Philadelphia's Mark Streit very likely did the Penguins a favor by chipping a puck past Marc-Andre Fleury in overtime Saturday, guaranteeing they'll play someone other than the Flyers here starting Wednesday or Thursday.
Perfectly comfortable in this Fifth Avenue home away from home since the night they opened the new Uptown arena, the Flyers beat the Penguins for the fourth consecutive time and for the ninth time in 11 appointments at Consol Energy Center.

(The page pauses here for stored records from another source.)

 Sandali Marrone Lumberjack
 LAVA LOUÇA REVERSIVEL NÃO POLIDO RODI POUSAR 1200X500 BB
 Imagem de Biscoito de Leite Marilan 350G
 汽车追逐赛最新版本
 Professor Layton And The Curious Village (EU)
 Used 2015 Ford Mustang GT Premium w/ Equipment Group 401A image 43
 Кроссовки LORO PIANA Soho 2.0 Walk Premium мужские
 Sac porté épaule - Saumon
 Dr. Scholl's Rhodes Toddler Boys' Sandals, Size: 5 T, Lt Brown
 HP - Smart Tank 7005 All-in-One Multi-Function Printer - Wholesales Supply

"I tried to go wide; it went off the [defenseman's] stick," Streit said about the retreating Kris Letang. "And then I think it went off his stick, then Fleury's stick. Fleury tried to poke-check it and missed it.
"I got a little lucky."
Again, not as lucky as the Penguins.
Now Dan Bylsma's team can take their NHL-best power play into the playoffs without having to cower to the Flyers, against whom it went 1 for 21 this winter. Now they can take their No. 2-ranked penalty-kill and not have to watch Philadelphia gleefully pump goal after goal through it.

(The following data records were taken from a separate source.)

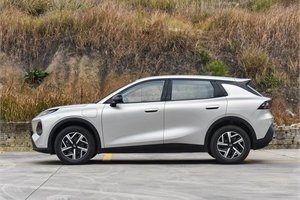 2026 Changan Nevo Q05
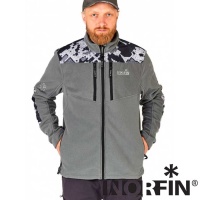 Куртка Norfin Glacier Camo XL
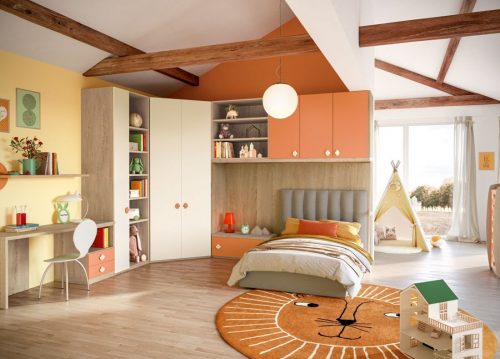 Cameretta moderna Job 336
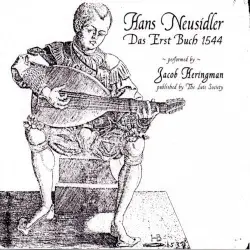 Das Erst Buch 1544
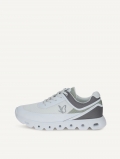 Caprice Sneaker - Cremefarbenes Kammleder
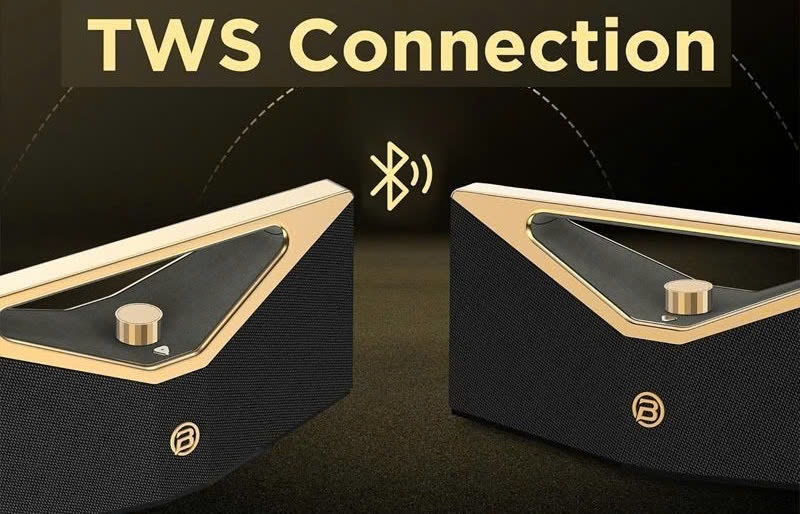 kết nối tws loa bugani brief lamborghini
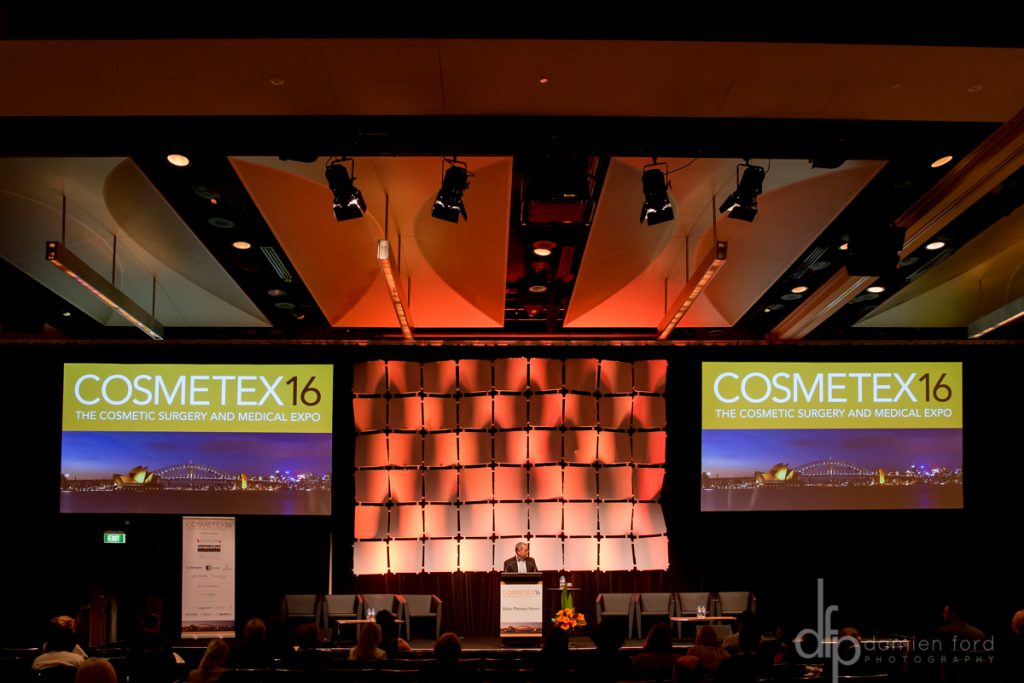 The line-up of experts at Cosmetex this year came from all reaches of the globe.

"We got the chances we wanted," said Penguins forward Jussi Jokinen. "We got the momentum and we had a lot of good chances, but we didn't score. For some reason against the Flyers, our special teams haven't been good enough."
Jokinen got the game's first goal just two minutes in, and the Penguins' record when scoring first at that point was 37-4-1, but the opponent was wearing orange and white, so everything's upside down and things are about to get nasty and stupid.
So where to begin?
You like James Neal's slash to the back of Matt Read's neck late in the first period? Neal got two minutes for slashing and probably should have gotten four for a high stick, but it only took Jakub Voracek 26 seconds of power-play time to tie the score, 1-1. This against a Penguins penalty-kill that had extinguished 12 power plays in a row.

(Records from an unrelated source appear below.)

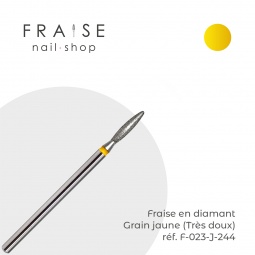 fraise F023J244 fraise nail shop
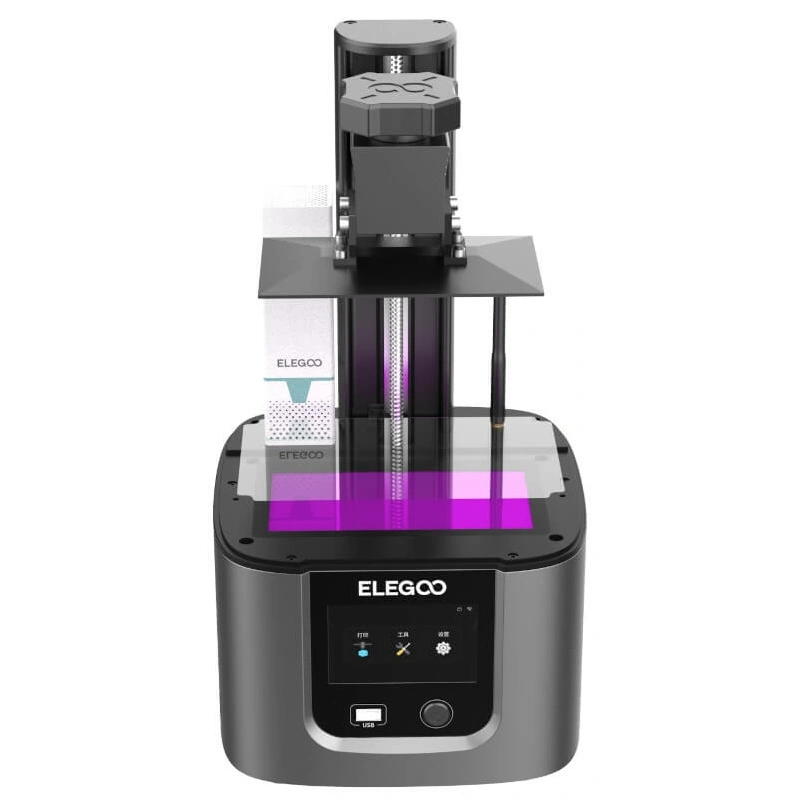 3D принтер Elegoo Mars 4 Ultra 9k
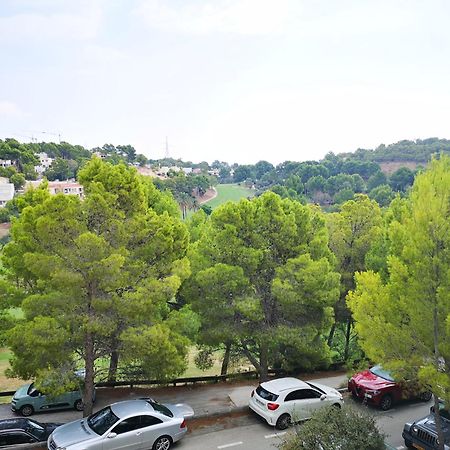Ama Vida Altea Apartment With Panoramic View Buitenkant foto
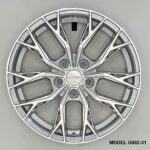 ФЕЛНИ МОДЕЛ / FELNI MODEL ARCEO-G692-31 17X7.5J 5X112 ET35 73.1 SILVER DIAMOND ROMA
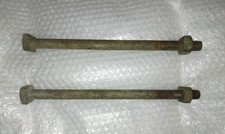 2 x Vintage Bolts & Nuts Very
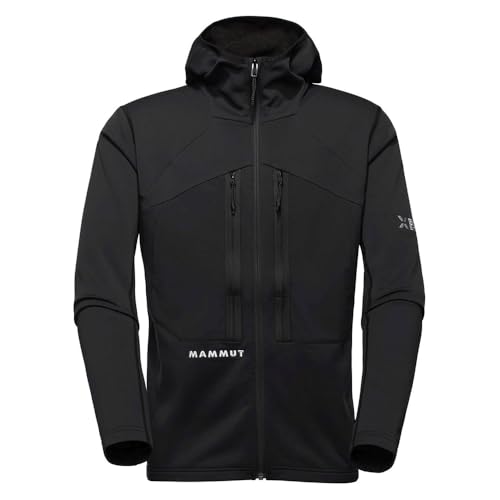 Mammut Eiger Nordwand Advanced polaire de haute montagne pour alpinisme S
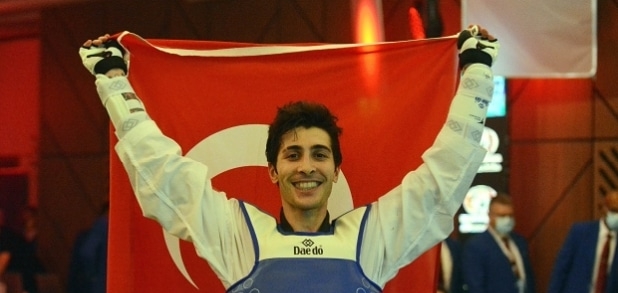 OLİMPİYATLARDA İLK MADALYA HAKAN REÇBER’DEN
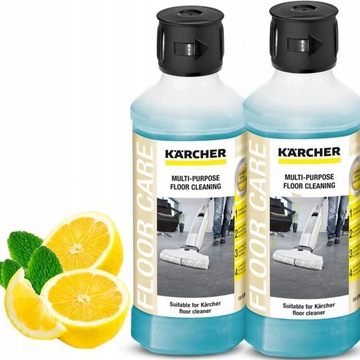 Środek do podłóg RM 536 do KARCHER FC5 FC7 +RĘCZNE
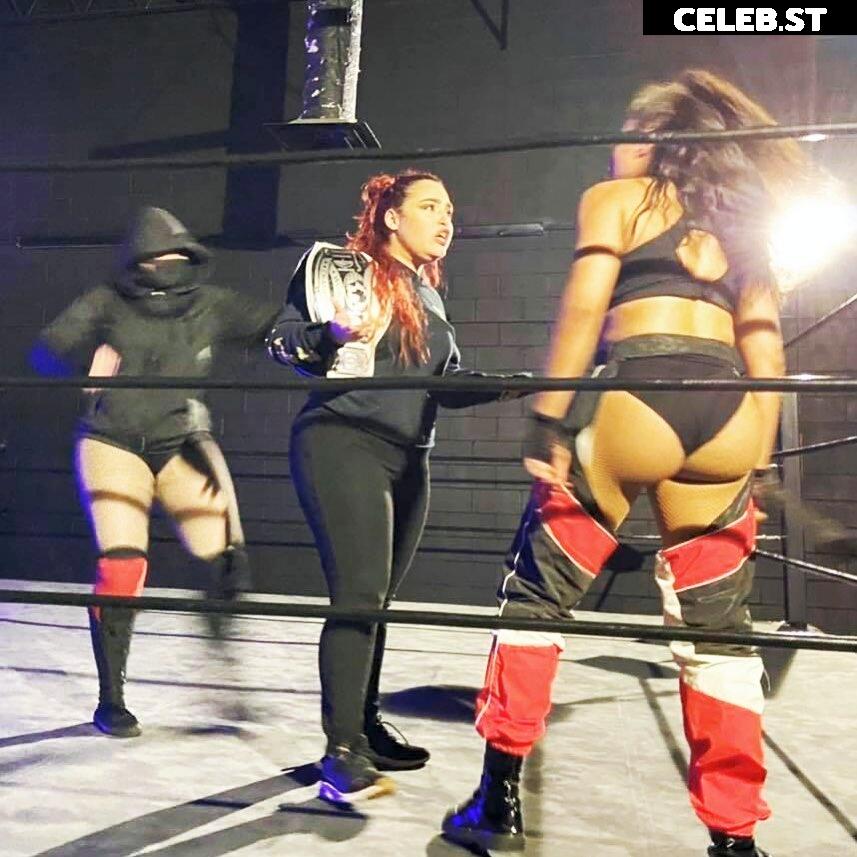 AEW Leila Grey Image 4362440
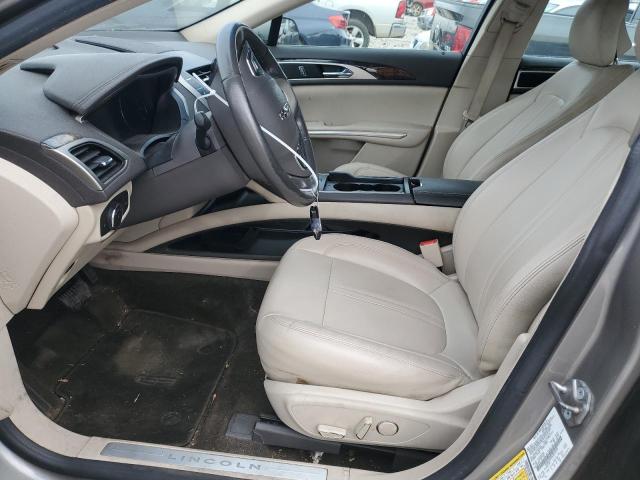 Photo 7 from auction – 2016 LINCOLN MKZ with VIN 3LN6L2G9XGR616974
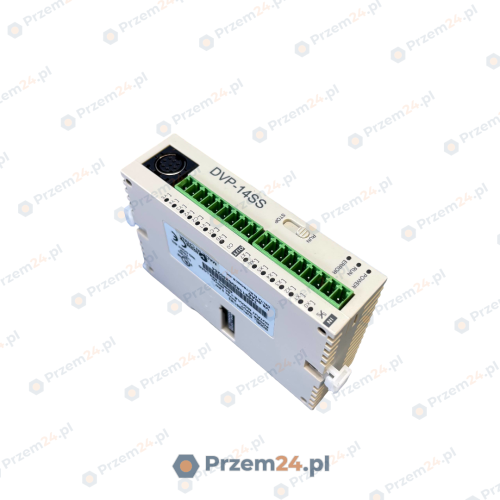 Delta-Electronics-DVP14SS11R2-DVP-14SS-Wielofunkcyjny-sterownik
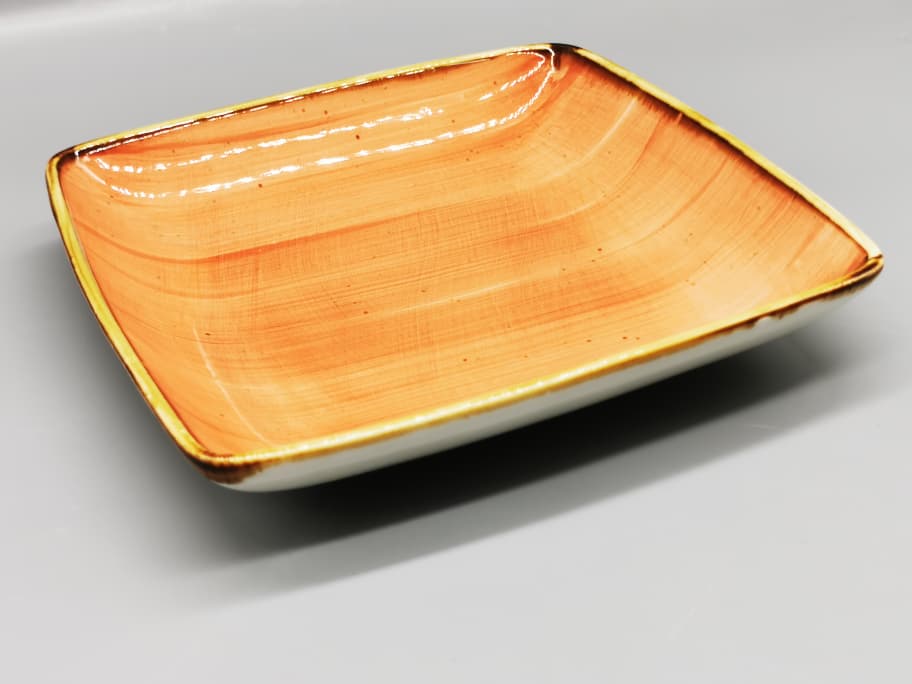 CZT03-02 PLATE 8INCH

You like Jayson Megna, rather than just playing the puck at his feet, slamming defenseman Andrew MacDonald into netminder Steve Mason, sending Mason flat on his back and eventually out of the game with what gets called an upper-body injury?
"I don't see our guys doing that," snapped Flyers coach Craig Berube.
No, what Berube sees is Scotty Hartnell finding and shaking Letang like a ragdoll after the whistle, apropos of nothing.
"That's a guy pickin' on a guy who had a stroke," Bylsma said, marveling and smirking at the same time.
"Then he shouldn't play," Berube said. "He shouldn't be out there playing, bottom line. It's a stupid comment."
After the third period ended with two separate piles of brawling bodies up against the team benches, there was not, aside from Streit's winner, much except stupidity left, as it happened.
Voracek, who had two goals and an assist after firing seven shots in just under 17 splendid minutes, somehow found a line of questioning about the implications of the Mason injury patently stupid in itself.
"If Mason is out, can this team win without him?" was the question that started it.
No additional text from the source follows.